Brisbane City Council has recommended the approval of a giant 45-storey office tower at 1 William Street, that will become home to 7600 public servants and other staff by late 2016.
This is Brisbane’s first detailed look at the plans for the $653 million, splayed-roof building.
The plans lodged with the Brisbane City Council’s Neighbourhood Planning committee on Tuesday morning show a landscaped, winding botanical walk on the ground floor, a top-floor conference facility, a 12 metre-high entrance foyer, and a media centre for journalists.
The ground floor plan, shaped like a flattened oval, is surrounded by gardens on the ground floor and includes a heavily-vegetated “civic space” on the Brisbane River side of the building.
Already the council has noted that it would need to change inner-city buses to allow the thousands of public servants using the building to get to a train station.
Of the 75,000 square metres of office space, 60,000 is set aside for public servants.
However committee chair Cr Amanda Cooper said the Cross River Rail project – Brisbane’s proposed underground rail line – included an underground station near the site.
The plan includes “pods” for 10 retail tenants on the ground floor, which planners this morning said would “activate” the street area at the Brisbane River end of Margaret Street.
The major public entry to the building would be from the main foyer opposite the William and Margaret streets intersection.
The 6778 square metre site – which was covered by about a metre of water during the January 2011 flood – is bounded by the Riverside Expressway off ramp to Margaret Street, William Street, Gardens Point Road and Alice Street.
The Cbus development also includes 318 car spaces – fewer than the maximum 480 allowed – but 600 bike spaces, more than three times what would normally be provided.

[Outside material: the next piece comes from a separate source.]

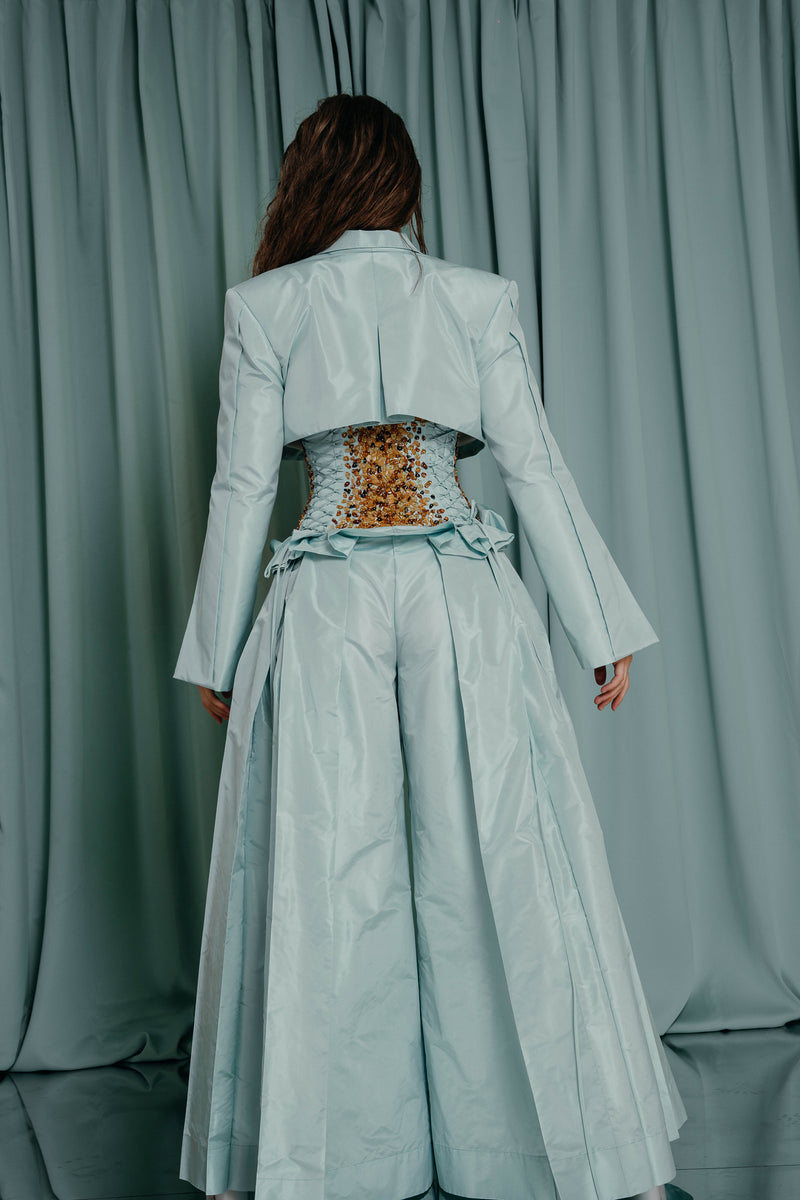 Aquamarine wide-leg trousers, complete with an amber-embroidered bodice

There are three basement level car parks and the main access is from Gardens Point Road.
The basements are protected by a bund wall, set at 5.5 metres, which is 30 centimetres higher than the 5.2 metre January 2011 flood and can drain if power is lost to the site.
There are also 60 shower cubicles in the lower areas of the proposed building, which includes a cycling centre similar, but not the same, as the King George Square cycling centre.
Local councillor Vicki Howard said the plans were fresh and exciting and praised the inclusion of a bike centre.
“The space has been vacant for a long, long time and it is now going to be activated,” Cr Howard said.
“It is exciting, a very exciting day.”
However, Labor councillors Helen Abrahams and Shayne Sutton questioned how cyclists would get from the Bicentennial Bikeway, which stretches from Coronation Drive to the Queensland University of Technology, to the building.
Cr Abrahams asked for the proposal to be deferred for a week so extra advice from cycling groups could be gathered, but her request was defeated.
Cr Shayne Sutton asked what would happen to the existing bus wait zones along William Street – where the council’s buses wait before their journeys start – during and after construction.
Cr Geraldine Knapp had already suggested that bus routes needed to be changed to cater for the large number of public servants in the bottom end of the city.
“We certainly need to look at the number of buses that do need to come up George Street to get to the stations,” Cr Knapp said.
Cr Cooper said both issues could be resolved by the council’s planning and public transport staff.
The plan comes before the full Brisbane City Council next Tuesday for final approval.